――徳島県美波町を舞台にした新作映画「波乗りオフィスへようこそ」への出演も、阿木さんの一押しで決まった。

 オファーをいただいたときは「どうしよう」と思ったんです。漁師の役なんだけど、僕は船が得意じゃないんです。酔っちゃうから。それに徳島弁という関門もある。で、阿木に「お断りしようかな」って相談したら、「やったほうがいいんじゃない。脳トレになるから」って(笑)。

 現地に着いたら「あれ? ここ見たことあるな」と。実は以前、アウトドアライブとドラマのロケで来たことがあった。縁があったんですね。ウミガメが産卵するような海があって、自然も人も素晴らしい。引き受けてよかったと本当に思いました。

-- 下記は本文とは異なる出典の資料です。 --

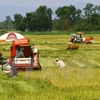Vietnam se esfuerza por modernización rural y reestructuración agrícola
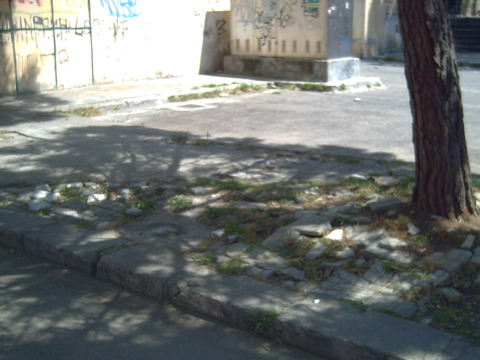 PICT0104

 僕の役は東京から起業に来た若者を助ける「地元のまとめ役」のような存在。僕自身も音楽の現場で、自分より若い人たちとどうやってうまくやるかを考えて、やってきましたからね。夜も時間があればみんなを誘って飯食いに行き、現地の人ともたくさん触れ合った。映画に「ここには学びと教えがあるんだ」というセリフがあるけど、まさにそれが撮影現場にありました。

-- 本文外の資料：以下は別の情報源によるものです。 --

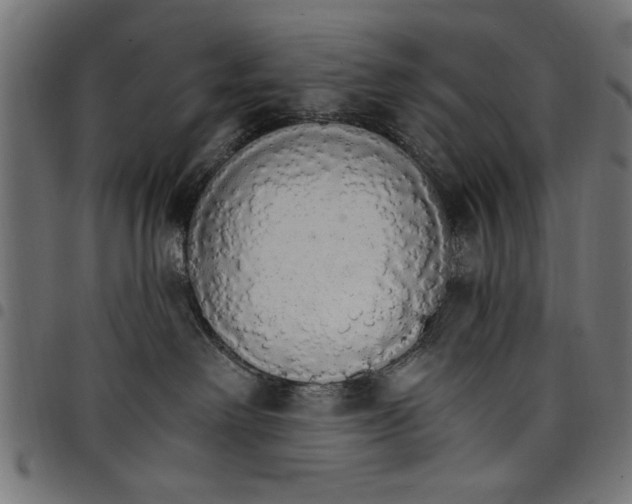 X0000097670238200803281019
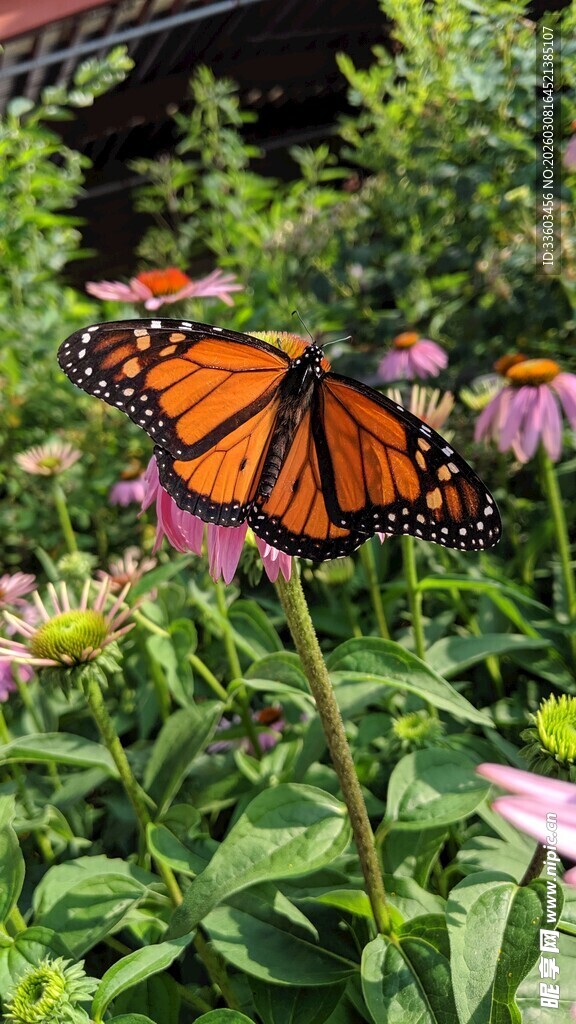 花丛中停歇的美丽帝王蝶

――73歳。次世代に継いでいくもの、を考え始める年齢でもある。

 最近は少子化で小中学校が合併するし、市町村も合併するでしょう。だから新しい校歌や町歌のオーダーが増えてるんです。そういう歌はいわゆる流行歌と違って、長くいろんな人に歌い継いでもらえる。ヒット曲を書くのとは全然違う気持ちで作れるんです。阿木と二人で、どんどん引き受けていこうね、と話しているんです。